Todas as sextas, buscava uma espécie de cesta básica, com arroz, feijão, carne, galinha e outros itens, também proporcionados pelo Estado. Em Cuba, saúde e educação são gratuitas.
Rigondeaux continua morando na mesma casa e recebendo mensalmente os 450 pesos cubanos. Mas não há sinal da gratificação em dólar e o que o preocupa é até quando a situação vai perdurar. ‘Na prática, não temos casa. Guillermo é bicampeão e não tem uma casa’, reclama Farah.
A semana é especialmente difícil para Rigondeaux e Lara. Enquanto eles esperam o tempo passar em Havana, os demais pugilistas cubanos estão na província de Holguín para o Torneio Nacional Playa Girón, um dos mais importantes de Cuba e tido como teste para os atletas, às vésperas das Olimpíadas de Pequim.
‘Estou assim [faz sinal de braços cruzados]’, afirma Rigondeaux, num dos raros momentos da conversa em que demonstra irritação.
Rigondeaux não tem o mesmo estilo de Lara, que, também sem trabalho, passa as horas em Havana circulando sobre uma moto com adesivo da coelhinha símbolo da Playboy, usa jeans e camisetas apertadas e duas argolas douradas nas orelhas. Lara mora com a mulher, Miriam, e dois filhos na casa da mãe da sogra, uma modesta residência de dois pisos, dividida por tios, primos, e outros familiares. Acorda às 5h todos os dias para correr, fala ainda menos que Rigondeaux e também continua recebendo seus 450 pesos cubanos e a cota de comida, mesmo sem treinar.
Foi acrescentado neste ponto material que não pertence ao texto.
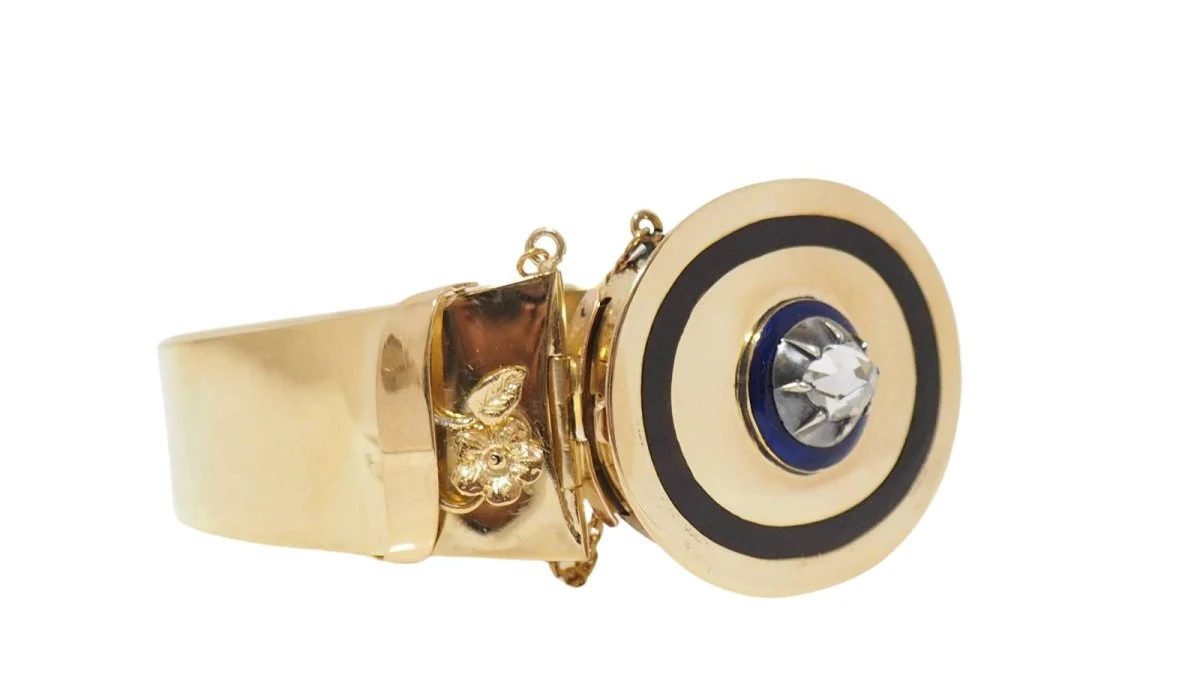 Bracelet en or jaune, émail et diamants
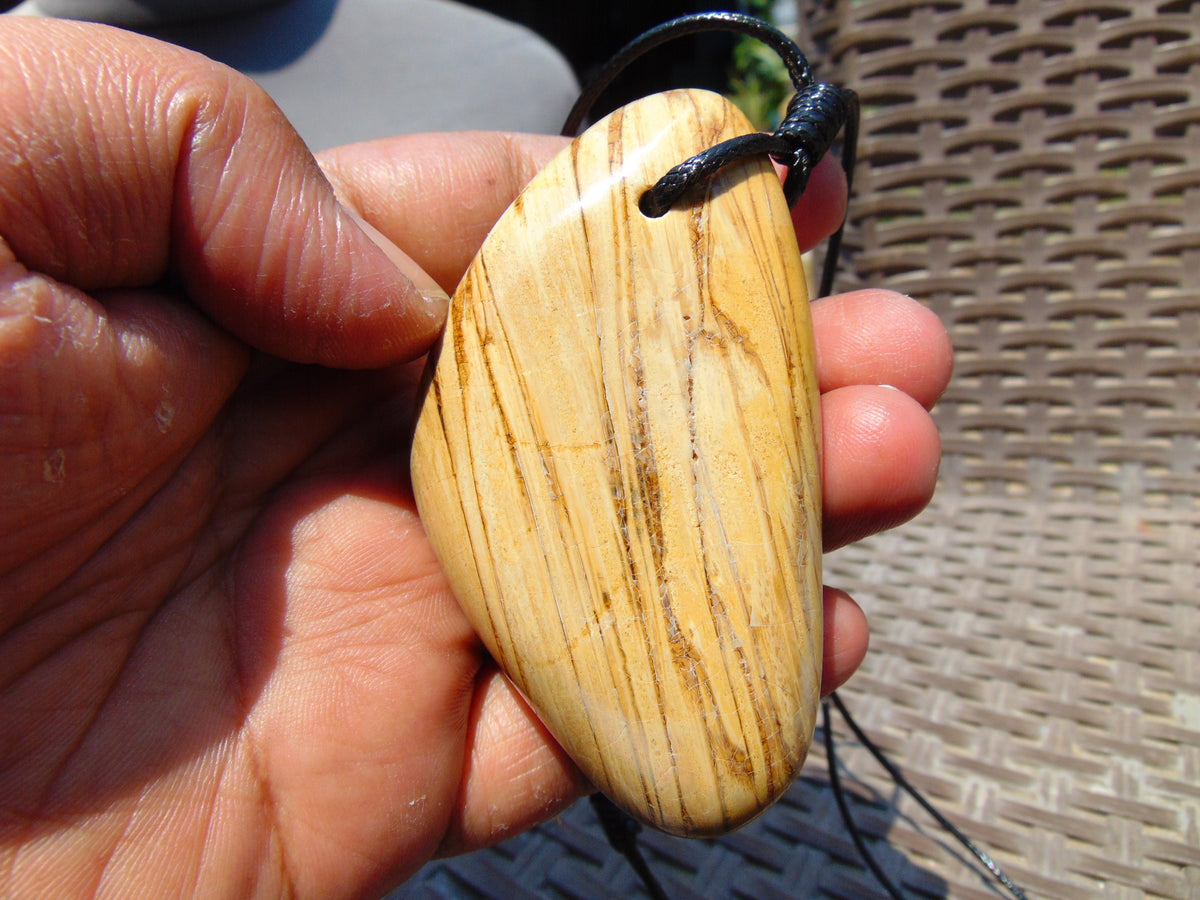 49 gr Genuine Natural Indonesian Aromatic Perfumed Yellow Amber Big Pendant 26CPX70
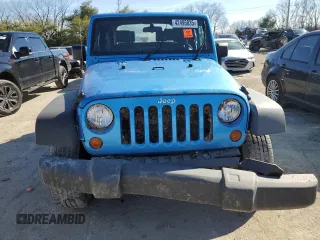 2009 Jeep Wrangler X with VIN 1J4FA24149L782816, listed as a Copart auction lot 42495835 with Not Provided miles and Salvage Title. Bid and sale history available at DreamBid. Image 5.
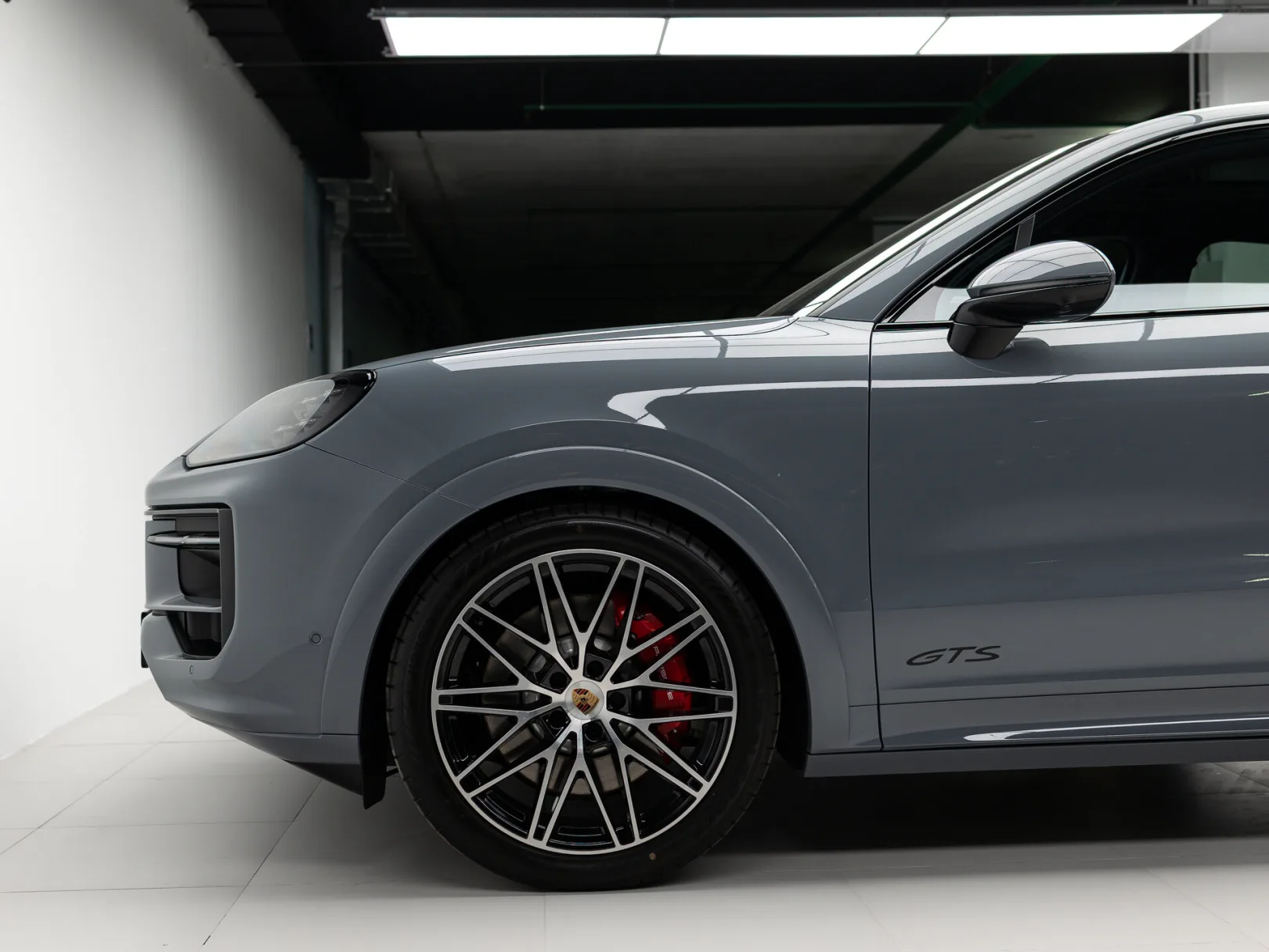 Porsche Cayenne GTS Coupé III Рестайлинг, 2026 — экстерьер, фото 36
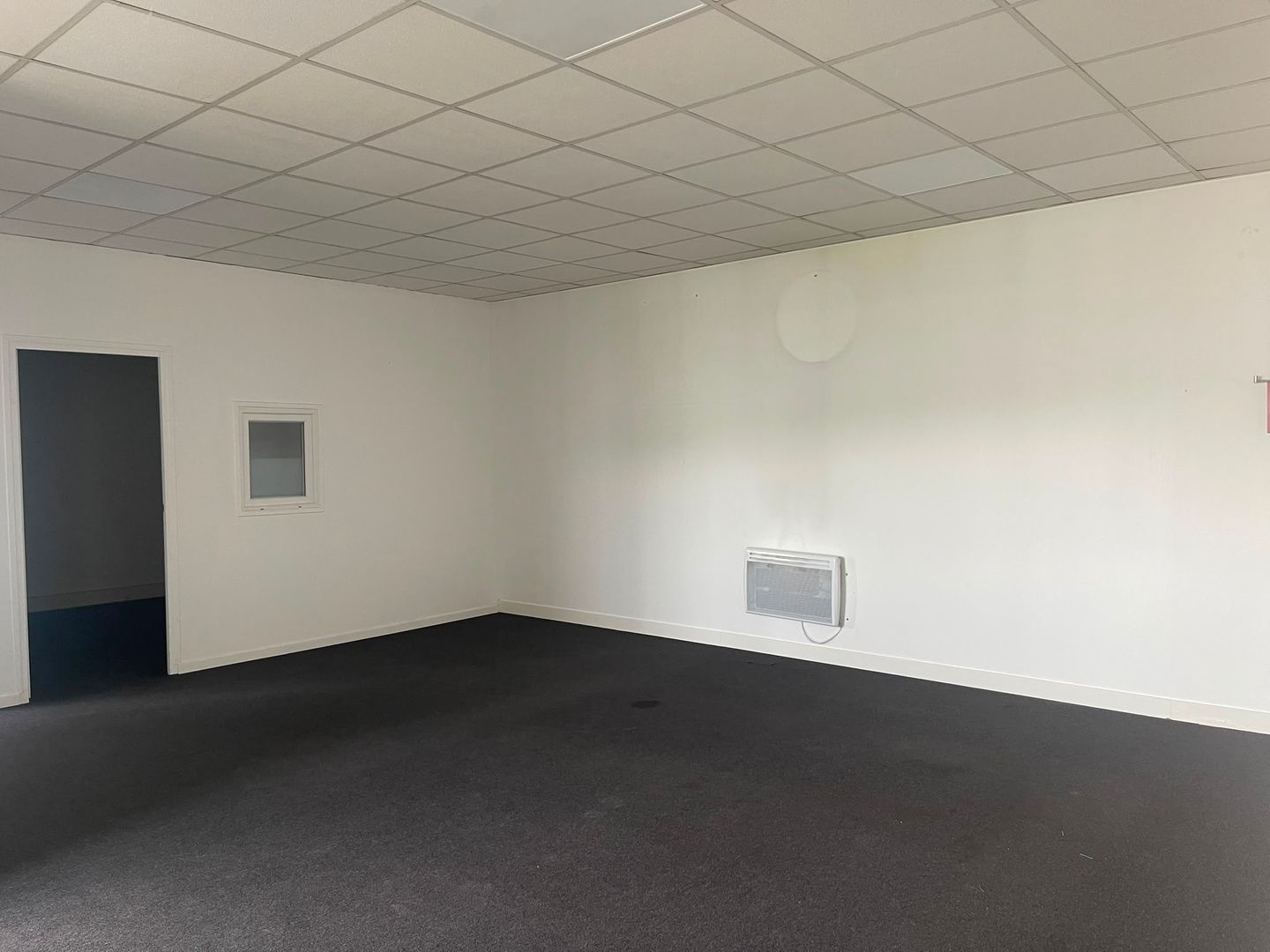 local d'activités de 476m², Stains (Seine-Saint-Denis)
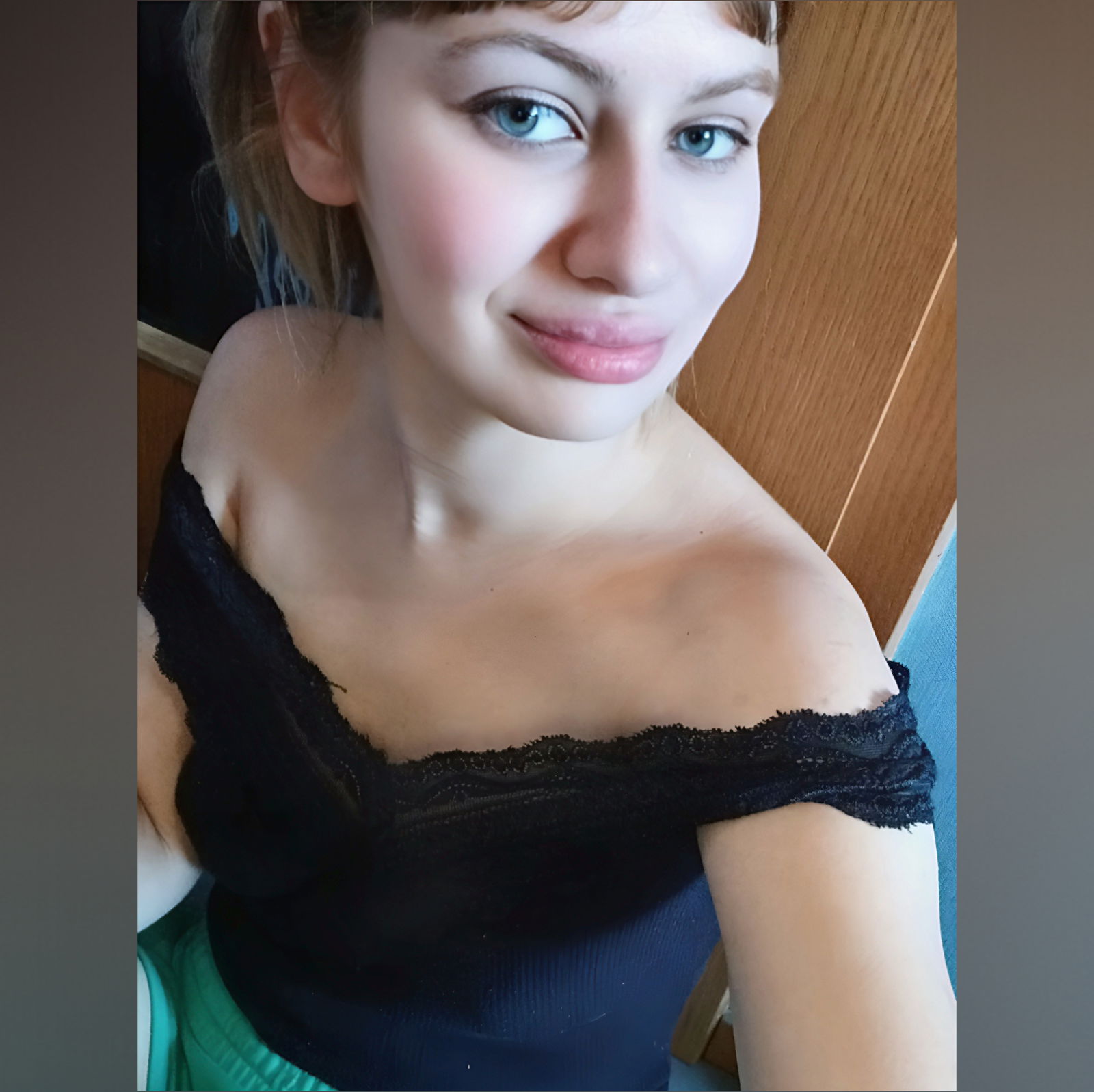 Sofie kicks balls 😈 photo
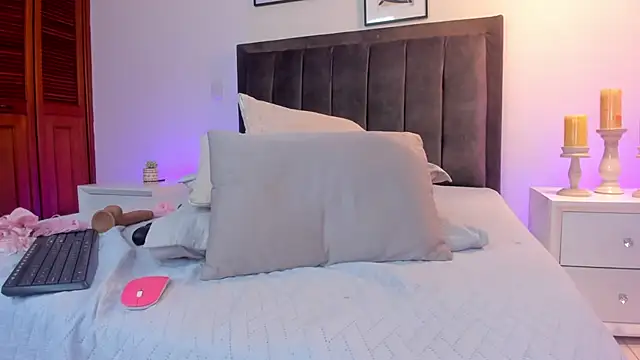 Snapshot of isa_bunny chatting on 02/25/25, 07:09 isa bunny online show from 02/25/25, 07:09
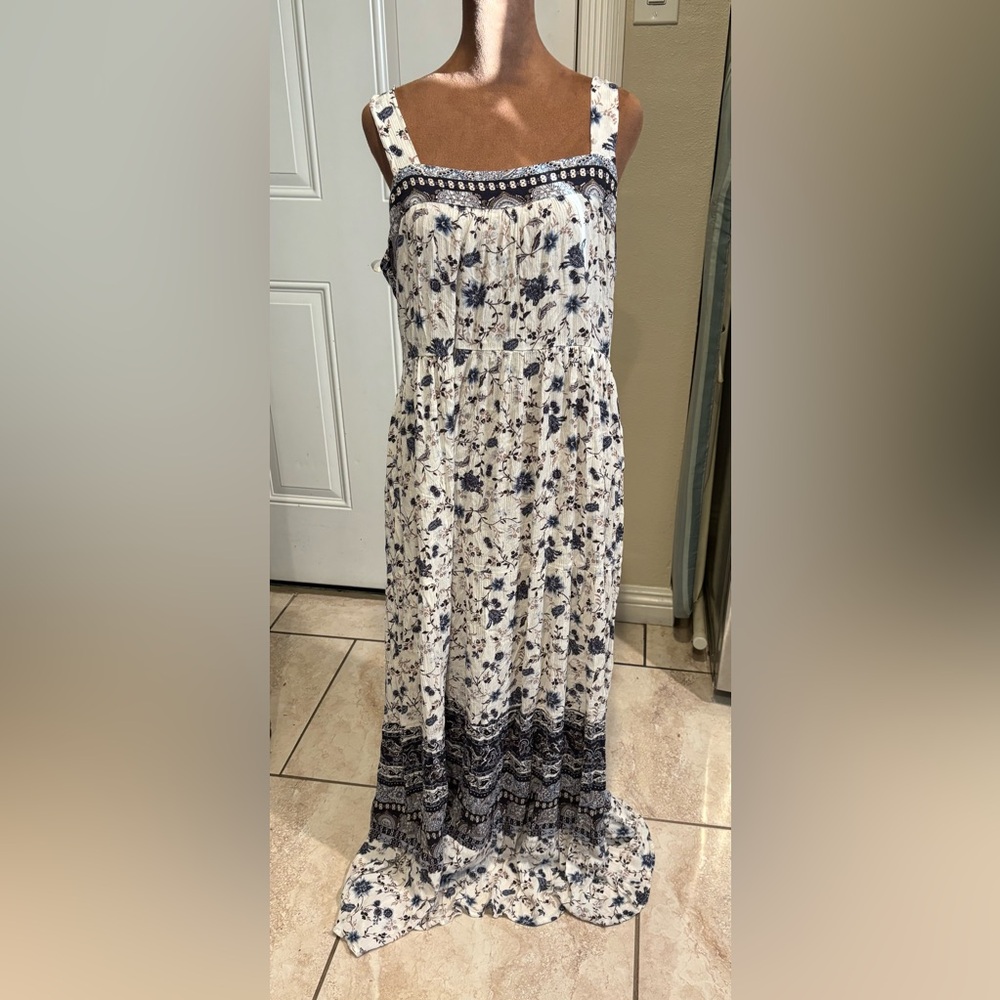 Knox Rose Black and White Floral Maxi Dress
‘Ser campeão olímpico é a meta de Lara. Se não puder fazer isso, acredito que terá um infarto’, diz Miriam, que estava grávida quando os boatos sobre a deserção do marido chegaram à sua casa. Segundo ela, Rigondeaux e Lara ficaram por três dias numa espécie de casa de hospedagem do governo de Cuba assim que voltaram do Rio. Conversaram com autoridades, negaram a ambição de desertar e reafirmaram o desejo de ficar e lutar em Cuba. Foram então, para casa – Lara, Miriam e o pequeno Roberlandy, de 2 meses.
Enquanto os atletas estavam no Rio, familiares de Rigondeaux e de Lara foram procurados repetidas vezes por autoridades. Negam que tenham sido pressionados, mas não escondem a apreensão que viveram.
Rigondeaux se despediu da Folha pouco depois de mostrar com orgulho fotos do filho – Guillermo, cinco anos –, com os punhos cerrados tal qual um boxeador. ‘Será um novo campeão?’, pergunta a reportagem. ‘Se eles [o regime] deixarem…’, responde Rigondeaux, em momento franco de reação ao seu exílio em casa, agravado pela falta da possibilidade de recomeçar que os exilados possuem.